Communities want teachers who understand their children, including strengths, challenges and culture that they bring with them to school. Based on that, some energy and funding has gone into creating “grow your own” approaches to teacher recruitment and education. One example is the California Teacher Pathway program, which identifies young people from low-income neighborhoods who show a passion for teaching. The program is designed to support them in a variety of ways from the time they enter a community college until they earn their teaching credential, with the hope they will stay in their home community and teach.

Do these credentials matter?

Oversimplifying greatly, there are two schools of thought about teacher credentials: less is more, and more is more.
  • The “more is more” school argues that credentials are vital: they should be hard to get, and narrowly defined. This point of view was generally ascendant in the first decade of the 21st century, partly driven by the requirement of the No Child Left Behind Act (NCLB) that every teacher be certified as “highly qualified.” It takes several years to obtain a teaching credential through normal channels, and teacher credentials became increasingly subject specific when the meaning of “highly qualified” was hotly debated. The rationale for such credential requirements is to protect children from unqualified teachers.
  • The “less is more” reformers argue that teaching is a skill more general than the subject matter being taught. In this view, complex credential requirements do more to deter good people from teaching than they do to weed out unprepared candidates. These reformers look to speed the path to a credential for those with the right stuff. Perhaps the most pure example of this concept is the recommendation of the Education Excellence committee that county superintendents should have the authority to write credential waivers for individuals, but should lose that authority if the teachers they waive into the classroom fail to perform to expectations. (The recommendation, made at a time when the supply of teacher candidates was ample, might surface again when supply is tight.)
In 2010, a scathing report argued that many teacher preparation programs lack rigor.

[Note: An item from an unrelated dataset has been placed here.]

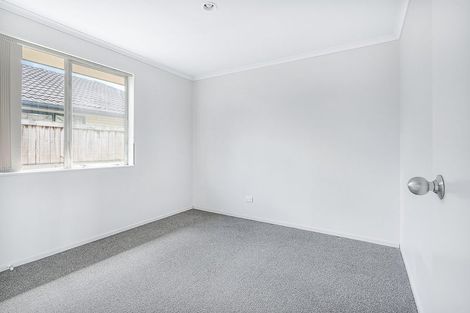 Photo of property in 17 Farnham Close, Rototuna North, Hamilton, 3210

In 2010, a scathing report of the National Council for the Accreditation of Teacher Education (NCATE) argued that many teacher preparation programs lack rigor. The report called for sweeping changes in accreditation of teacher preparation programs to make them more relevant. Others, in contrast to the NCATE report, argue that the best course is to make the training program as short and inexpensive as possible in order to invest the savings in support of new teachers on the job.
In 2013, the National Council for Teacher Quality (NCTQ) evaluated teacher preparation programs in California. The state was graded a D, up from a D- the prior year. The Association of Colleges of Teacher Education (yes, there really is an association for everything in education) collected objections to the low grade.

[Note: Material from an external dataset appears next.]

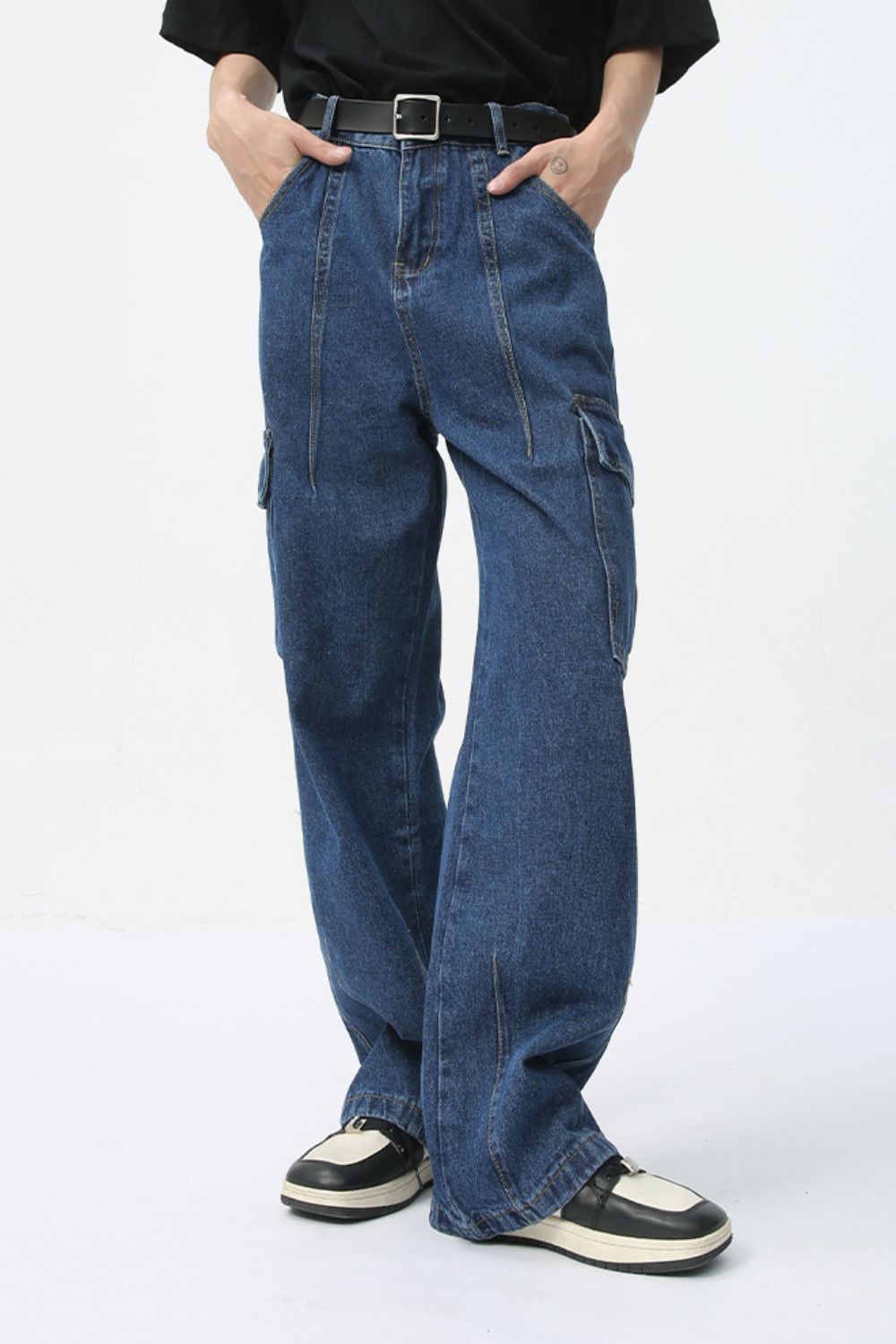 Men's straight cargo jeans, blue denim, basic style, no stretch, cotton-viscose blend.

Partly in response to this national conversation, California’s CTC convened a high-profile advisory panel in 2013, which generated a thick report with forty recommendations for change.
Join the Discussion
  • How can teacher preparation programs make sure they admit the “best and brightest”?
  • To what extent can alternative approaches to teacher recruitment and certification, such as Teach for America, influence the caliber of people who enter the profession?
  • Ask teachers you know: what did they think of the certification process?
  • Where did the teachers in your school earn their certification?